◆ Problem details
Could each entry below be written out exactly, with every picture dropped?

◆ Scraped caption text data
——

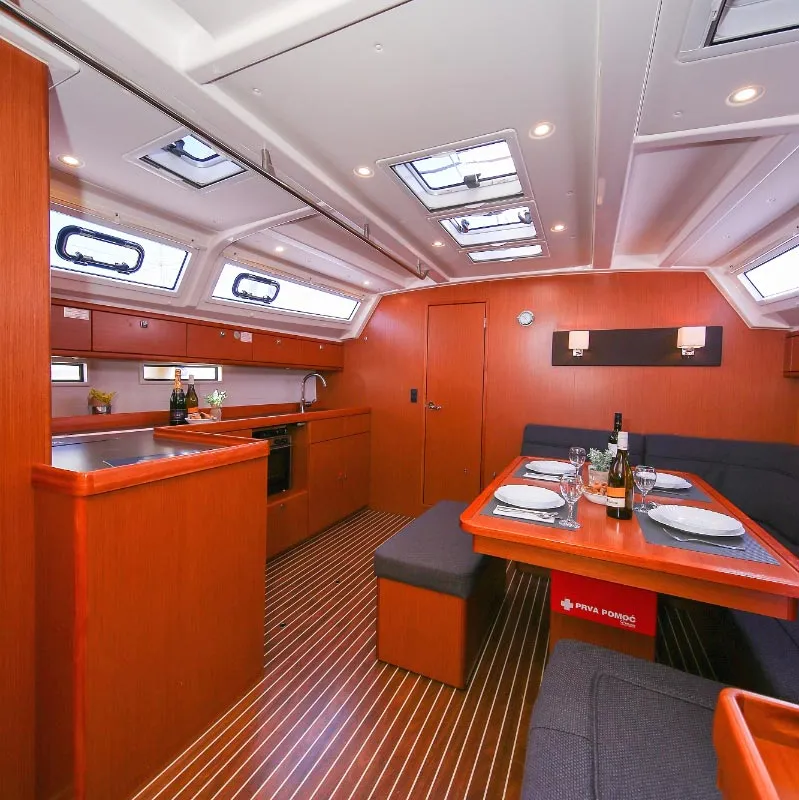 Salon of Alexeja, a Bavaria Cruiser 46 sailboat at Grad Pula, Croatia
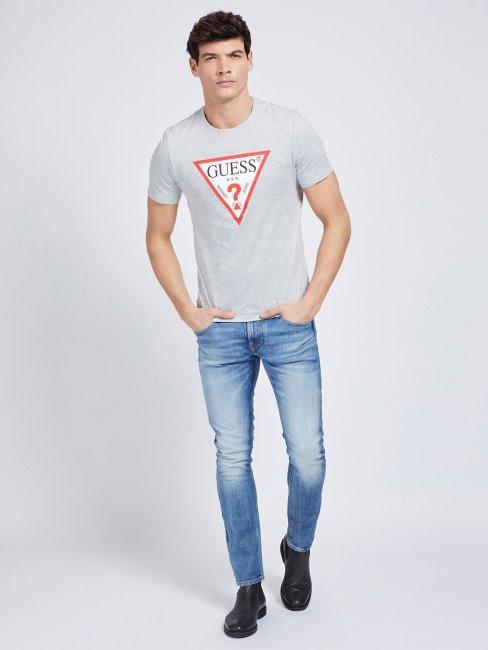 Tee Shirt Guess Gris Logo Triangle Nouvelle Tendance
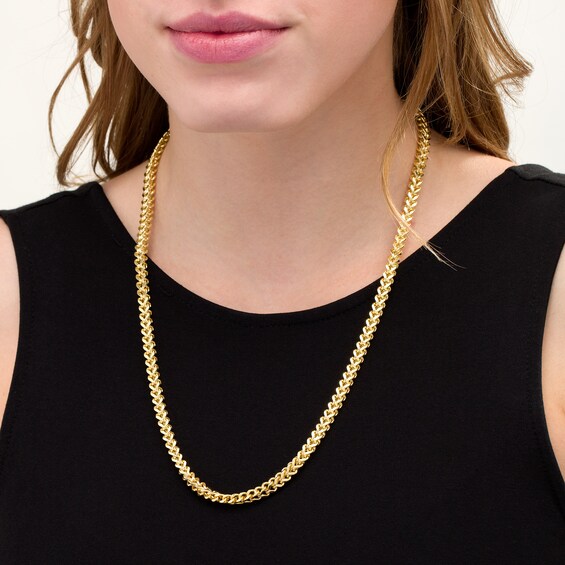 5.3mm Franco Snake Chain Necklace in Hollow 10K Gold - 22"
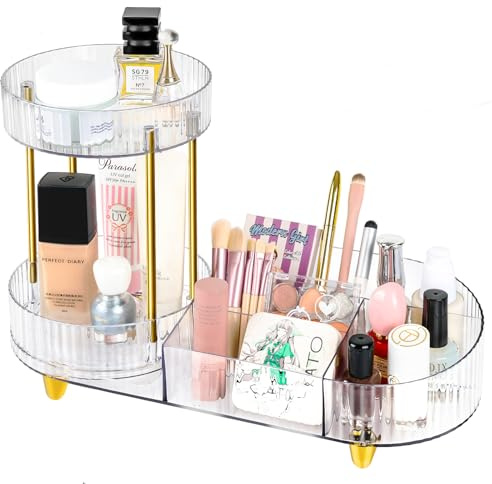 elzle Organizzatore di Trucco, 360° Rotante Organizzatore di Trucco 2-in-1 Porta Make Up con Scomparti, Porta Trucchi Organizer per Cosmetici per Pennelli, Eyeliner, Rossetto in Camera da Letto Bagno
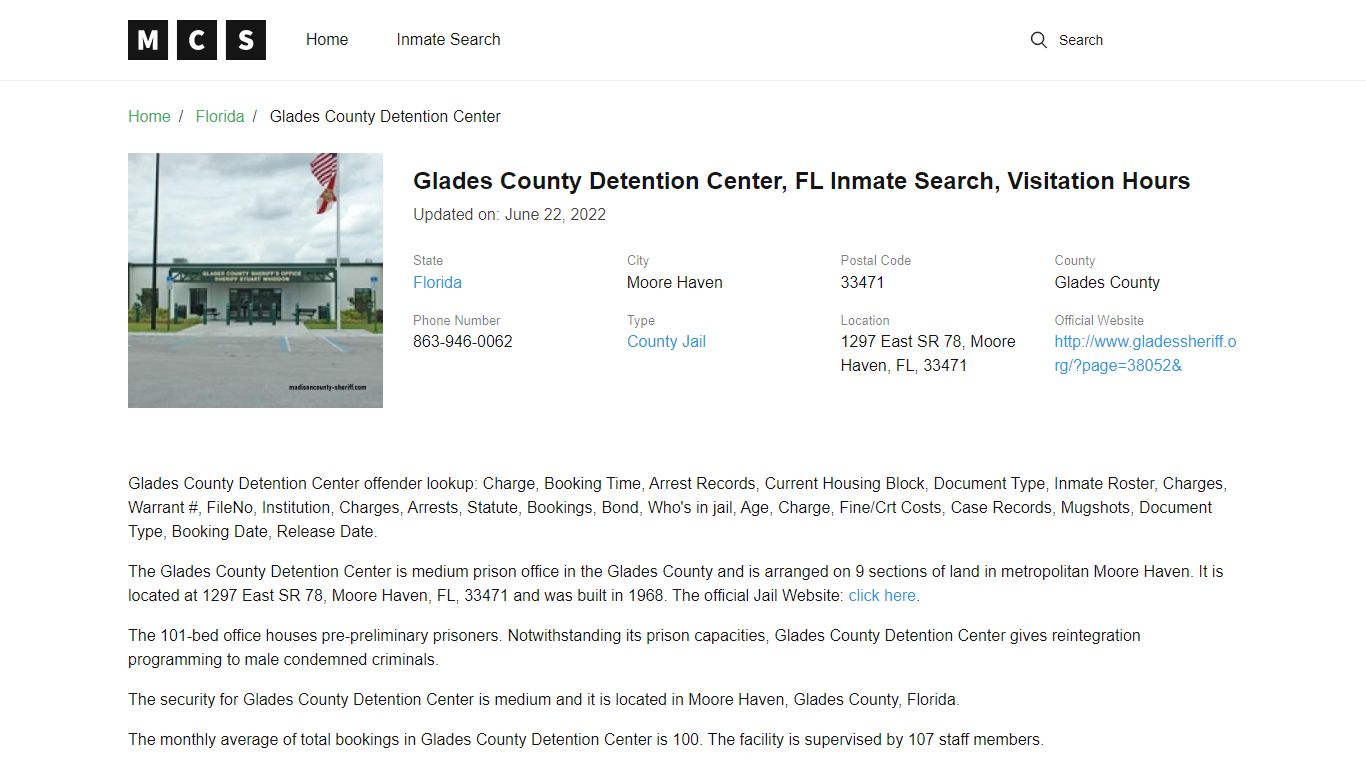 Glades County, FL Jail Inmates Search, Visitation Rules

——

◆ Solution to this problem
 Salon of Alexeja, a Bavaria Cruiser 46 sailboat at Grad Pula, Croatia
 Tee Shirt Guess Gris Logo Triangle Nouvelle Tendance
 5.3mm Franco Snake Chain Necklace in Hollow 10K Gold - 22"
 elzle Organizzatore di Trucco, 360° Rotante Organizzatore di Trucco 2-in-1 Porta Make Up con Scomparti, Porta Trucchi Organizer per Cosmetici per Pennelli, Eyeliner, Rossetto in Camera da Letto Bagno
 Glades County, FL Jail Inmates Search, Visitation Rules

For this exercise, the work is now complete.